Celui, également, des heures de gloire du rugby marmandais, présent dans ce gotha national, et qui se frottait tantôt à quelques adversaires prestigieux (Castres, Perpignan, Bayonne, Bourgoin), tantôt à quelques équipes retombées depuis dans l’anonymat (Quillan, Soustons, Lavelanet). Une époque formidable qui proposait, aussi, un chaud derby contre le club phare du département : le SU Agen. « La victoire de Marmande sur Agen lors de la saison 1971-1972 reste de loin mon plus beau souvenir, se souvient Jacques Losse. On montait juste en Nationale et on tombait contre l’une des meilleures formations de France. Agen à l’époque, c’était une très très grosse équipe. Le stade était archi-plein ; les tribunes étaient remplies et ça se bousculait même autour de la main courante. Gagner ce match (9-7 pour l’USM, grâce notamment à un essai de Moretti, NDLR), c’était exceptionnel. »
 
Quand on lui demande de nous citer ses joueurs préférés, son cœur penche tout naturellement vers ces seventies qui ont bercé son enfance. « J’admirais Alain Moretti et Do Vacher.

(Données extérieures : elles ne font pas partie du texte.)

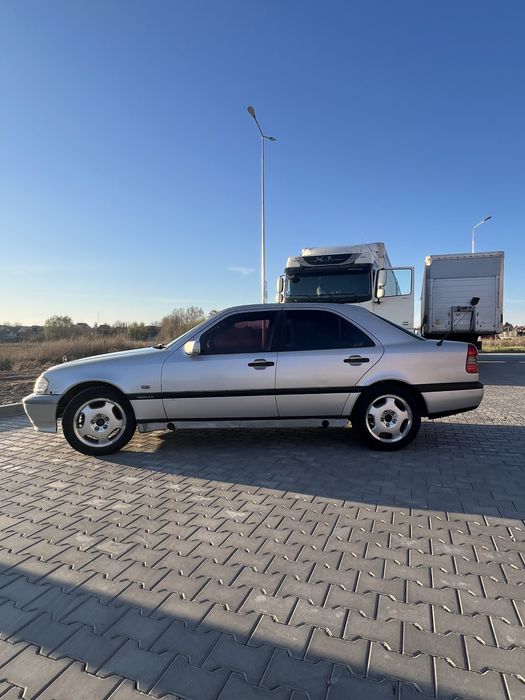 Mersedes W202 C180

Ils avaient une telle prestance, une telle facilité ! C’étaient des joueurs côtés qui auraient pu viser encore plus haut s’ils avaient été épargnés par les blessures. Avec eux, la ligne de ¾ de l’USM faisait peur à tout le monde. »
 

« L’US Marmande, c’est mon club. Pourquoi ? Ça ne s’explique pas. Et il pourrait descendre en 14ème division que ça ne changerait rien. » 

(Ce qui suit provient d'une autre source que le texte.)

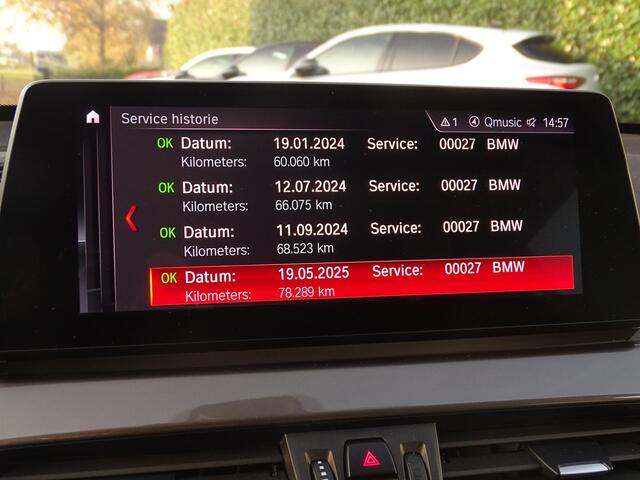 BMW X1 xDrive20i High Exe. X-line LCI | GrootNav | HUD | 4WD | Trekhaak | Leer | Stoelverw | Keyless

Nostalgique, Jacques Losse l’est sans doute un petit peu. Sans pour autant être rétrograde, ni envieux. Conscient de l’évolution constante du rugby depuis les débuts du professionnalisme en 1995, il sait tout autant que le petit garçon de 11 ans qu’il était, partant en vélo d’Escassefort pour aller s’entraîner à Marmande, n’aurait plus lieu d’être aujourd’hui. « Même moi je n’autoriserais pas mon fils à le faire ! », admet-il. 
 
Quant aux péripéties du club, ses échecs ou ses relégations sportives, elles n'ont à aucun moment ébranlé sa foi. Pragmatique, le directeur de BatiPlus n'en reste pas moins un fidèle parmi les fidèles. "Tout le monde passe par là. Mais ça n'est pas le problème. L'US Marmande, c'est mon club. Pourquoi ? Ça ne s’explique pas. Et il pourrait descendre en 14ème division que ça ne changerait rien. Un vrai supporter ? Il doit toujours rester positif. Être un brin chauvin, aussi (rires). Mais en aucun cas il ne doit devenir le censeur, le critique. Ce n’est pas son rôle. Un vrai supporter doit vivre une histoire d’amour avec son club, donc en aimer les qualités comme les défauts.»

"Les vainqueurs sont ceux qui ne se rendent jamais"

Si l’idylle connait quelques balbutiements chez certains, Jacques Losse reste, lui, particulièrement confiant quant à l’avenir. « Je persiste à croire que le rugby véhicule de très bonnes valeurs. Il reste un magnifique vecteur d’amitié et de solidarité. Peu importe le niveau auquel on pratique, on ne peut pas tricher dans un sport où le combat est permanent. Le rugby, c’est un travail d’équipe avant tout. Et il faut s’appuyer là-dessus. Ne pas oublier d’où l’on vient, conserver cette ambiance bon enfant et familiale avec des jeunes du cru, qui permet de créer une proximité avec le public. Pour moi le niveau de Marmande, ça reste la Fédérale 1. Mais ça ne doit pas être une ambition à tout prix. Il faut se montrer sage et faire avec les moyens du bord. Tout en ne manquant pas d’ambition. »
 
On lui évoque, finalement, cette maxime exposée dans les vestiaires du club, dans les entrailles de Georges-Dartiailh : « Dans la guerre comme dans la paix, en toutes circonstances de la vie, les vainqueurs sont ceux qui ne se rendent jamais ». Dans un sourire malicieux, Jacques Losse acquiesce, sans l’ombre d’un doute.« C’est exactement ça. Même contre vents et marées, on ne se rendra pas. »
 
Dehors, la pluie tombe toujours abondamment. Mais l’éclaircie n’a, pour autant, pas encore dit son dernier mot.